[Work required] From the line containing "Holst Crescent - Photo 4" to the last line of the records below, retype every line exactly and output nothing else.

[Data records]
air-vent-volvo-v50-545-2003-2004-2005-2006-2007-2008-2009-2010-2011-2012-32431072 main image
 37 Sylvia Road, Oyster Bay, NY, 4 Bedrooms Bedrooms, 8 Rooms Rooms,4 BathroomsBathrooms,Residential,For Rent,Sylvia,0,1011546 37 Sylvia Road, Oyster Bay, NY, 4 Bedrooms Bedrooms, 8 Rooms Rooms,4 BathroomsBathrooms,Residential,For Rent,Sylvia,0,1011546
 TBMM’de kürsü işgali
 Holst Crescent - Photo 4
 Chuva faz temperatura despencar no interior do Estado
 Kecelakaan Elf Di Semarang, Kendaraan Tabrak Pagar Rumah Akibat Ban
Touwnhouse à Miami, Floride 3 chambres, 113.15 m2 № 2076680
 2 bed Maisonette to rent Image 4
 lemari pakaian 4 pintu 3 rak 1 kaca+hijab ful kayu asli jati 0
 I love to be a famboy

[Final answer]
 Holst Crescent - Photo 4
 Chuva faz temperatura despencar no interior do Estado
 Kecelakaan Elf Di Semarang, Kendaraan Tabrak Pagar Rumah Akibat Ban
Touwnhouse à Miami, Floride 3 chambres, 113.15 m2 № 2076680
 2 bed Maisonette to rent Image 4
 lemari pakaian 4 pintu 3 rak 1 kaca+hijab ful kayu asli jati 0
 I love to be a famboy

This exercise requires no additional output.